Exactly the lines from the beginning of the records below through the line with "White Tiered Maxi Skirt" must be given again, without pictures.

Image-text web data:
# # #
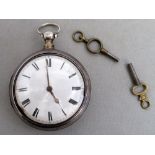 A GEORGE III PAIR CASED POCKET WATCH WITH A WHITE ENAMELLED CIRCULAR DIAL AND BLACK ROMAN NUMERALS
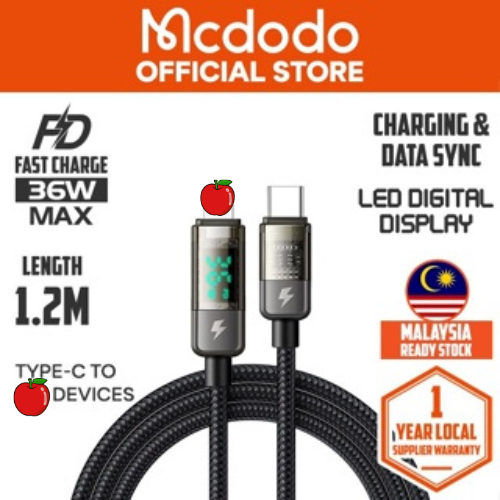 1Yr Warranty MCDODO Digital Pro Auto Power Off L Type C PD Transparent Data Cable 1.2m 1.8m CA 360 3
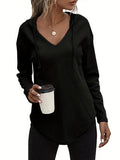 V-Neck Pullover Hoodie with Drawstring Detail in Knit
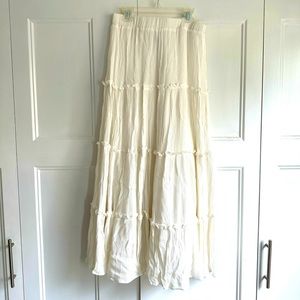 White Tiered Maxi Skirt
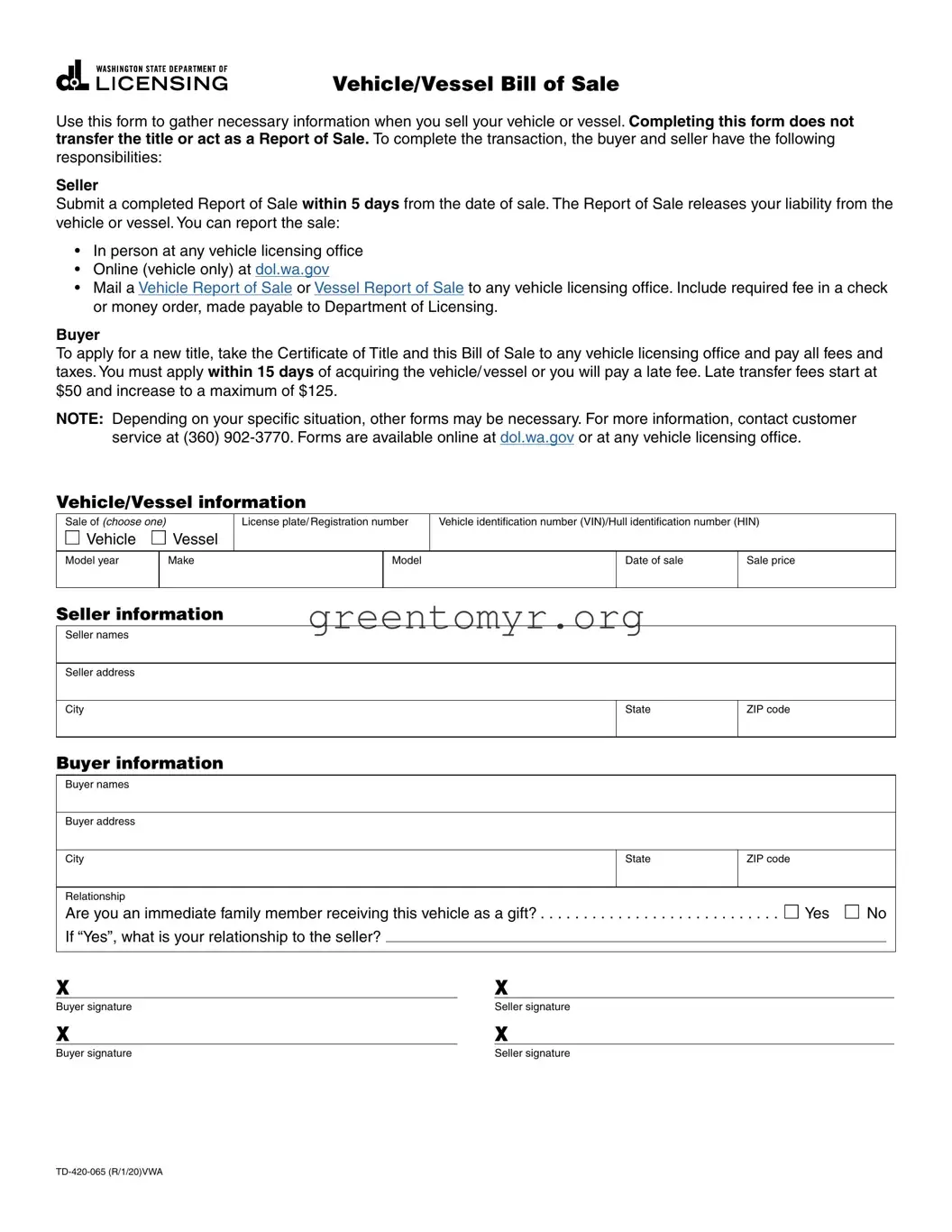 Fill in a Valid BOS TD-420-065 Template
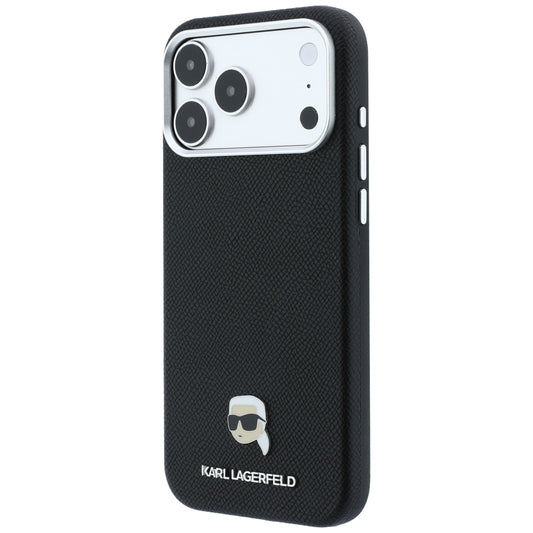 MagSafe tok Apple iPhone 18 Pro / 17 Pro készülékhez, Karl Lagerfeld, Grained Karl Head's Metal, Fekete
# # #
SOLUTION BELOW:
 A GEORGE III PAIR CASED POCKET WATCH WITH A WHITE ENAMELLED CIRCULAR DIAL AND BLACK ROMAN NUMERALS
 1Yr Warranty MCDODO Digital Pro Auto Power Off L Type C PD Transparent Data Cable 1.2m 1.8m CA 360 3
 V-Neck Pullover Hoodie with Drawstring Detail in Knit
 White Tiered Maxi Skirt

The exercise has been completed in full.